Ummm, that is adorable!
To help foster connections with employees and clients, Solomon said that "leaders today have to be more vulnerable, they have to put themselves out there a lot more than they probably are comfortable doing," said Levine.
"More vulnerable?" Was Gary Cohn's emo goth phase not enough for you people? Have you not read John Rogers' "Lloyd Blankfein as sexy vampire" fanfic?

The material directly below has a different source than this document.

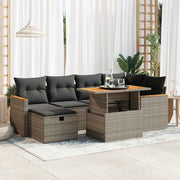Loungeset 8-delig poly rattan grijs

Does Marty Chavez need to show you his other, private, tattoos?
What firm is more synonymous with vulnerability than Goldman Sachs, the opaque global financial giant that resides in an unmarked glass tower in a purposefully, oddly remote section of lower Manhattan and is run by people with a habit of moving deftly in and out of the federal government?

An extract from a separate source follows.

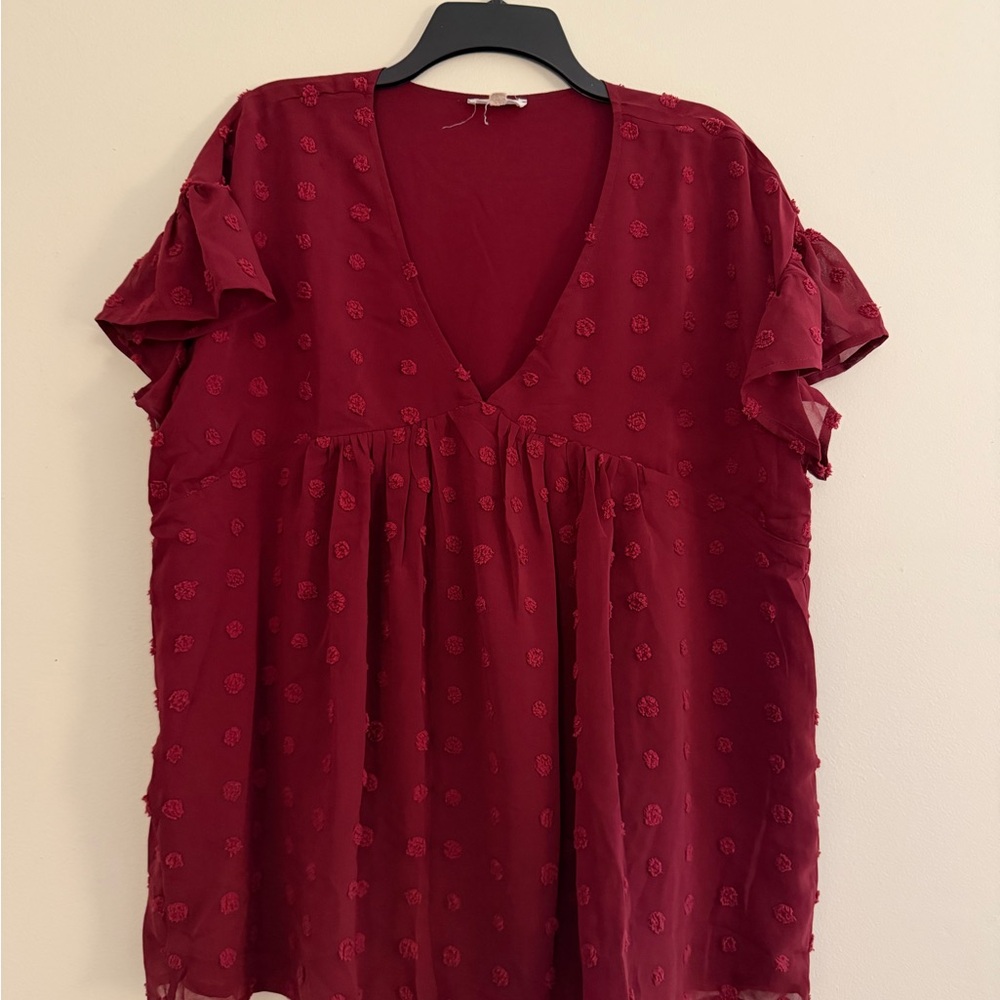 Chicsoul wine/maroon blouse size XL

But under DJ D-Sol, 200 West Street is turning into a totally open space, chock full of poet warriors who better show some serious fucking improvement in their trading business. And if he has to, the newest addition to the Billboard dance charts will lead by vulnerable-bro-with-outside-interests example...
"It's something I'm really passionate about," Solomon said in the podcast. "If you can't find a way to have passions and pursue those passions and mix them into your professional life and your personal life, it's just harder to have the energy to keep on doing this."

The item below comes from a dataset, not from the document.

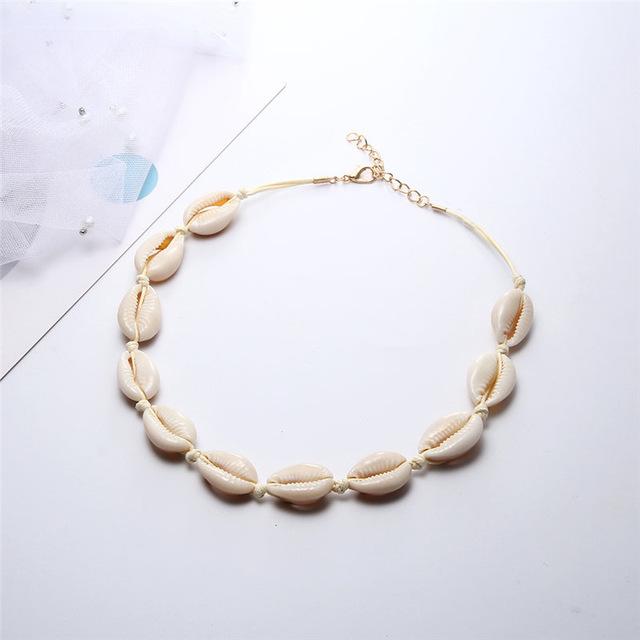 Beach Seashell Choker Beaded Necklace-Necklaces-Arimonz-6-Arimonz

And he's not just a fan of dropping sick beats, he's a fan of his own emotions...
Solomon may be uniquely suited for the new Goldman. Where Blankfein is known for a quick wit, Solomon is more likely to come off as disarmingly earnest. The day after a ceremony where he was formally introduced by Blankfein as his successor, Solomon spoke to a roomful of the bank's interns, expressing wonder that he would soon be running the place.
"When Lloyd called me up at the stage, I was pretty emotional about it, it really affected me," Solomon said. "I was shaking."
This is going to be so great for us.